**EXERCISE BRIEF**. Type out the listing again, exactly, with every line included.

**INFORMATION SHOWN**.
((

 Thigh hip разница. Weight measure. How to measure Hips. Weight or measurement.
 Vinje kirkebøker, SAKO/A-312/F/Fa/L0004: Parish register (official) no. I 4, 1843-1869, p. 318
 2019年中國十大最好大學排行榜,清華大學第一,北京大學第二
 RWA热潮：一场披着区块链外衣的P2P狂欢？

))

**RESPONSE BELOW**.
 Thigh hip разница. Weight measure. How to measure Hips. Weight or measurement.
 Vinje kirkebøker, SAKO/A-312/F/Fa/L0004: Parish register (official) no. I 4, 1843-1869, p. 318
 2019年中國十大最好大學排行榜,清華大學第一,北京大學第二
 RWA热潮：一场披着区块链外衣的P2P狂欢？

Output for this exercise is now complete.